Ce projet a pour but de mettre en valeur les zones humides qui couvrent plus de 1 500 hectares au sud de Phnom Penh et forment le seul système de traitement des eaux usées de la ville, constituant l’unique barrière entre les eaux d’égout non traitées et les bancs de poissons du Mékong et du Bassac [défluent occidental du Mékong]. En outre, environ 70 % de toutes les eaux de pluie ou usées y débouchent, qui font de ces zones humides un dispositif naturel essentiel contre les inondations.
Mais ING City remblaie aujourd’hui les zones humides avec du sable afin de créer des terrains pour un lotissement immobilier. Les dangers du projet sont exposés dans un rapport rendu public par un groupe d’ONG cambodgiennes, intitulé « Smoke on the Water », qui montre que plus d’un million de personnes sont exposées à un risque accru d’inondations, et que plus de 1 000 familles se trouvent en danger d’expulsion.
Les 300 000 logements prévus par ING City s’adressent principalement à de riches acheteurs chinois et japonais. Rien n’est fait pour loger les pauvres, et les habitants des zones humides sont déjà menacés d’expulsion.

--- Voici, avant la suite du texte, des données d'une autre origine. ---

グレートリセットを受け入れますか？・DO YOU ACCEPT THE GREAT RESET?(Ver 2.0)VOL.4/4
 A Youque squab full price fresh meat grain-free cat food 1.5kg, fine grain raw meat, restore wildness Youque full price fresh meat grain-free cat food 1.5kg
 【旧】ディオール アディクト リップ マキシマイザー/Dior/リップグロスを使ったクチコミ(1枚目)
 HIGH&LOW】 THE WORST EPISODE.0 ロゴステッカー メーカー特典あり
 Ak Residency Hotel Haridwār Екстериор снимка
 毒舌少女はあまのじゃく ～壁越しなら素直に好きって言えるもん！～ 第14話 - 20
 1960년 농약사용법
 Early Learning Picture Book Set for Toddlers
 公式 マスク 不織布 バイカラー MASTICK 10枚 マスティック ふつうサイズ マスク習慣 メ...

Les images satellites suggèrent qu’environ un tiers des zones humides ont déjà été comblées par du sable. Lorsque le lotissement sera achevé, il aura, prévoit-on, utilisé plus de sable que tout autre chantier de l’histoire du Cambodge. Cela pourrait compromettre la stabilité des rives du Mékong et du Bassac, où le sable est dragué.
At a time when democracy is under threat, there is an urgent need for incisive, informed analysis of the issues and questions driving the news – just what PS has always provided. Subscribe now and save $50 on a new subscription.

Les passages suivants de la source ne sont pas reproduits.